President Recep Tayyip Erdoğan of Turkey has already warned Israel not to target Hamas officials there, and Alpher said that assassinations would be impossible in Qatar in the foreseeable future. Though the tiny Gulf state hosts Hamas, it is also a key intermediary for negotiations to win the return of about 140 Israeli hostages taken on 7 October by the extremist group and still being held in Gaza.
Should any Hamas leaders escape Gaza into Egypt, Israel would also be unable to reach them there, and assassinations in Europe would now be “inconceivable”, a second veteran of Mossad’s 1970s campaigns said.
“Those days have long gone. The diplomatic damage done in France or the UK or even Germany would be catastrophic,” he told the Guardian.
Efraim Halevy, a senior Mossad official in the 1970s and its director from 1998 to 2002, told the Guardian that force was only effective if used in the correct political circumstances.
“If Hamas emerges as a total loss at the end of the war, then Israel has won the war … but this does not solve the Palestinian problem and the Palestinians will still be around,” Halevy said.

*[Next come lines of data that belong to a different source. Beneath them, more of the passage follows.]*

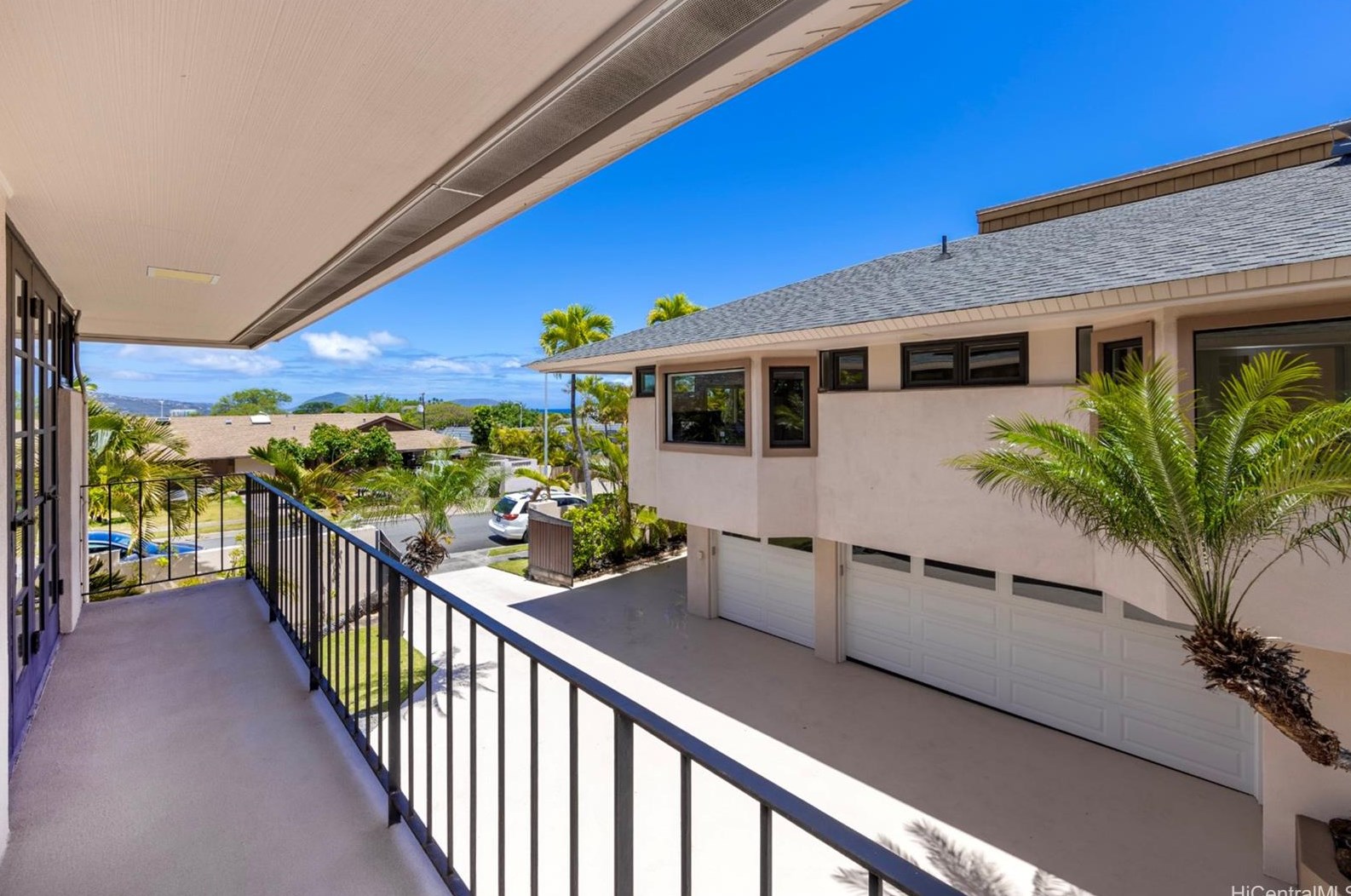 3994 Kaualio Pl, Honolulu HI  96816-4404 exterior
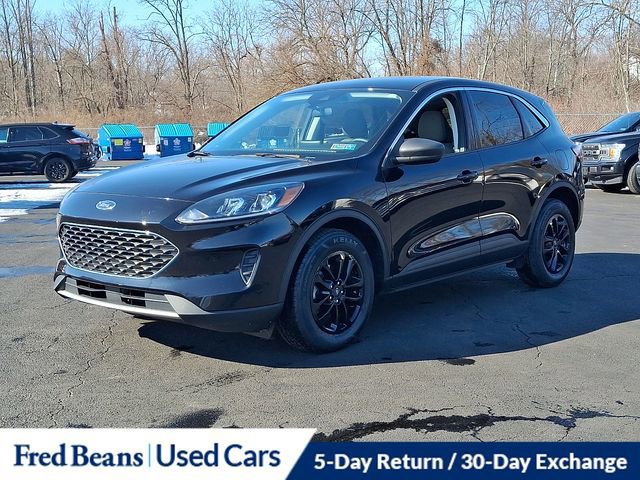 Certified 2022 Ford Escape SE w/ Convenience Package image 2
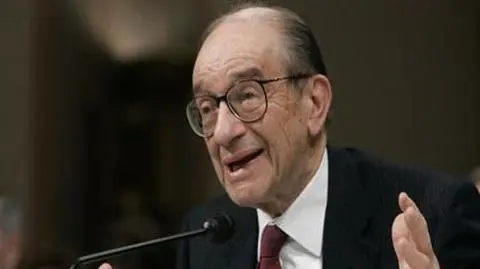 Greenspan ostrzega przed pogłębieniem kryzysu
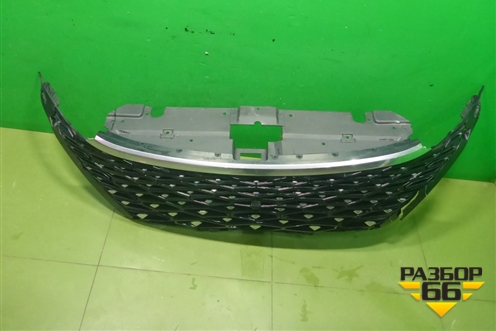 Решетка радиатора (602002763AA) для OMODA C5 с 2022г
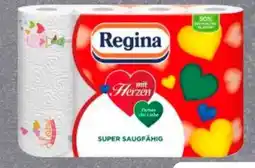Edeka Regina Küchentücher Angebot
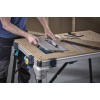 Wolfcraft 6918300 Master Cut 2600 Pro - Clamping and Machine Table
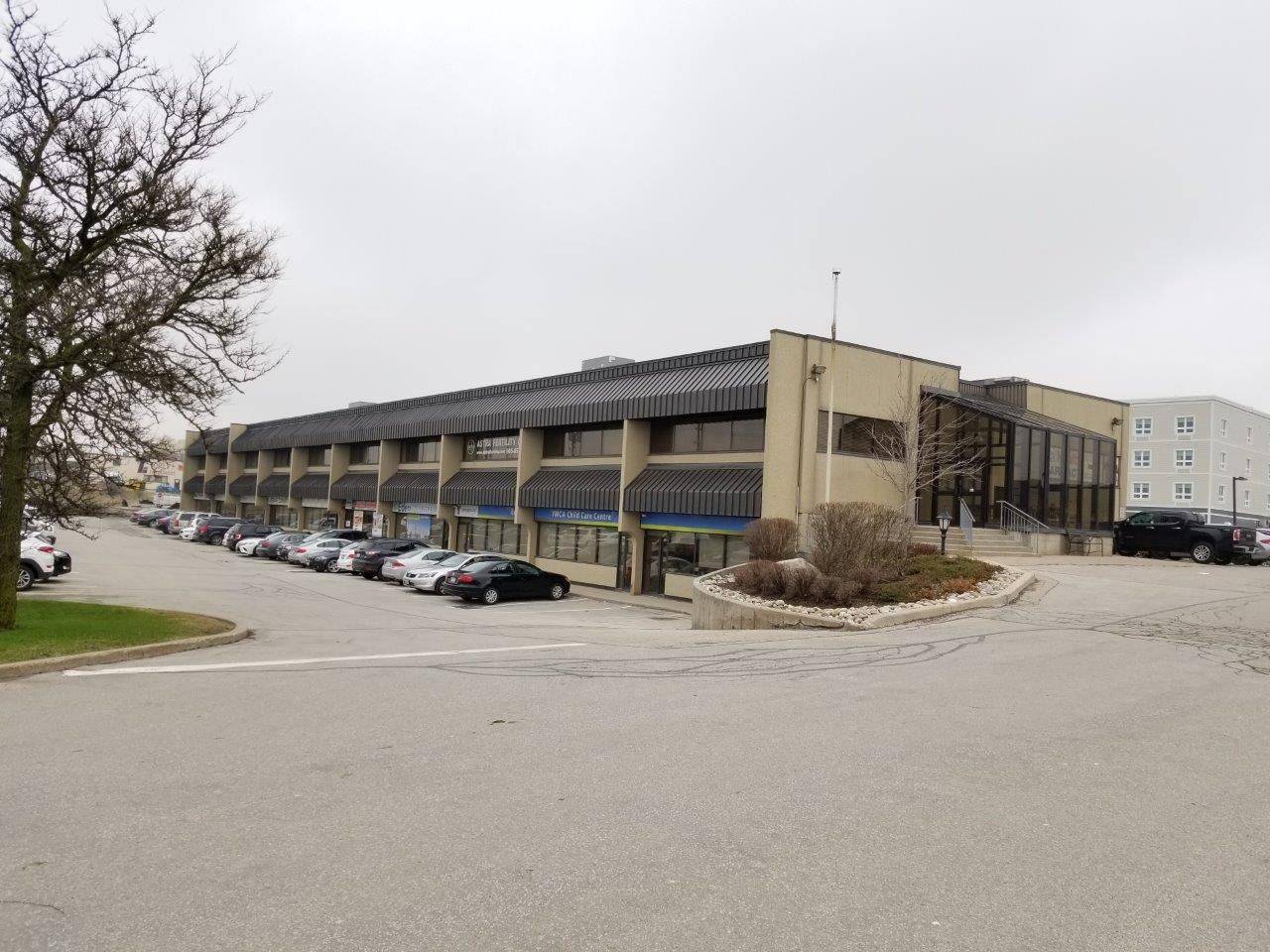 12295 Highway 50 RD #214, Caledon, ON L7E 1M2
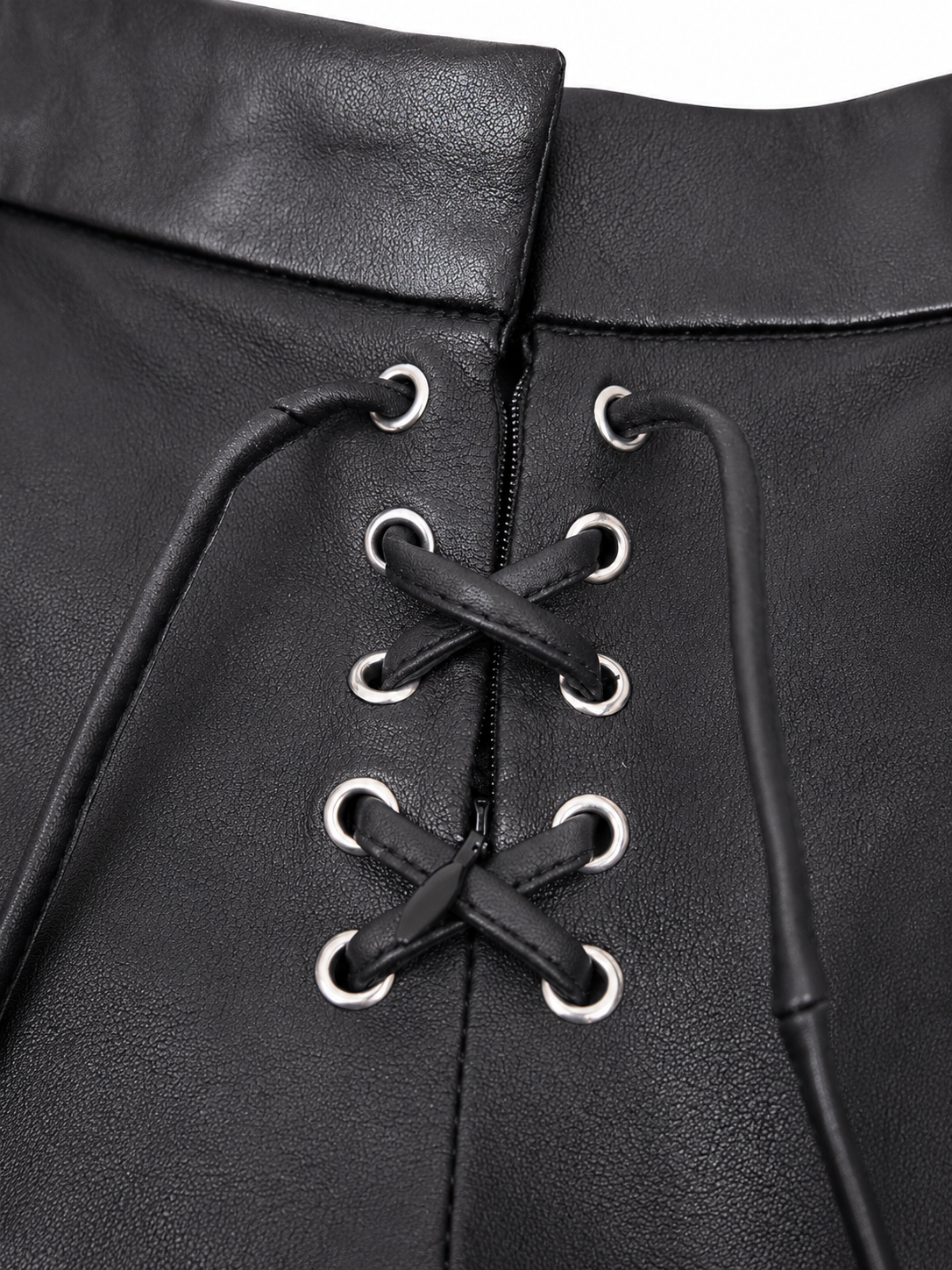 LOURDES LEATHER PANTS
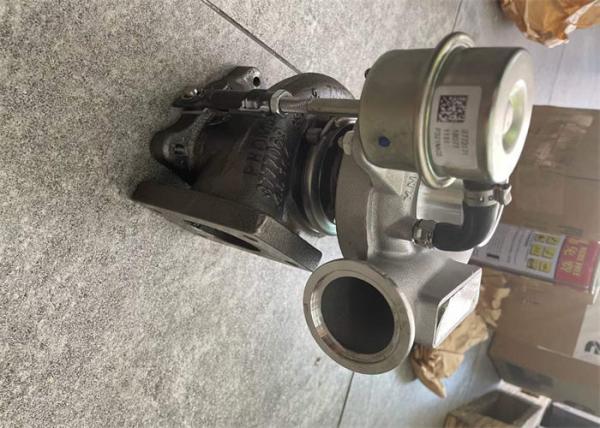 Buy cheap 6156-81-8170 Engine Turbocharger Excavator Spare Parts For Komatsu PC400 from wholesalers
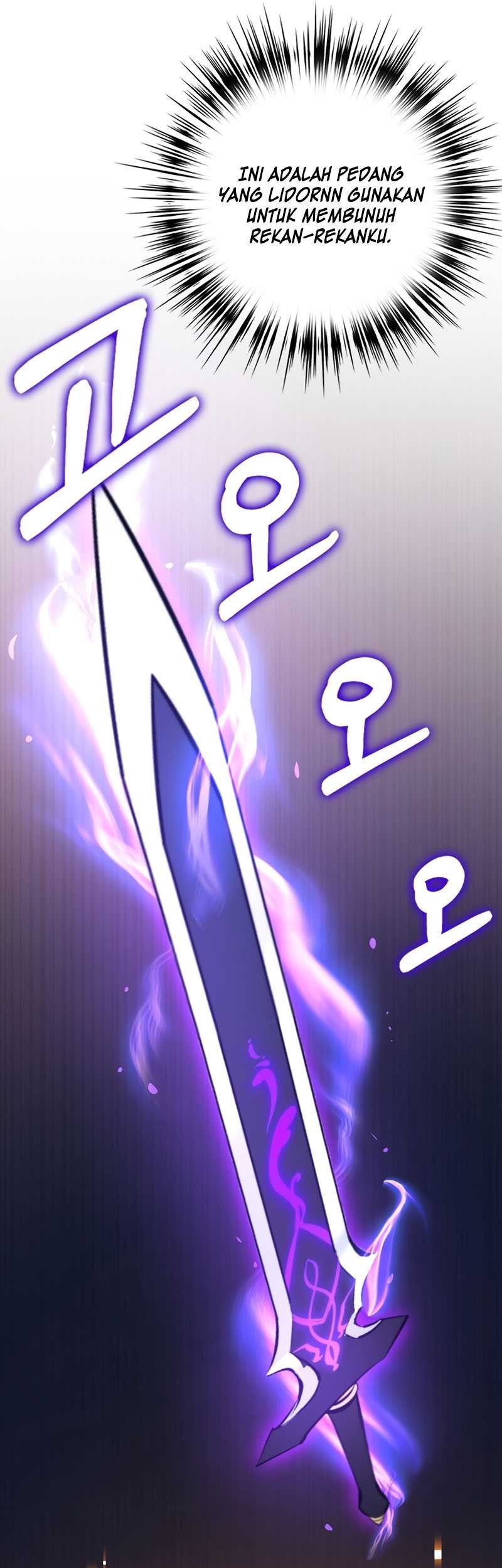 Hyper Luck Chapter 34 halaman 36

Avner Avraham, an analyst and commentator who spent 29 years in Mossad, said it was obvious that Israel would find and kill those responsible for the 7 October attacks.
“This is the first time we’ve said it [out loud] and we want to do it … for revenge but also to stop people doing the same thing. Is it a useful strategy? Yes. Is it effective? Yes,” Avraham said. “After Munich, one target was killed 20 years later. In this regard, Israel has a memory that is very long.”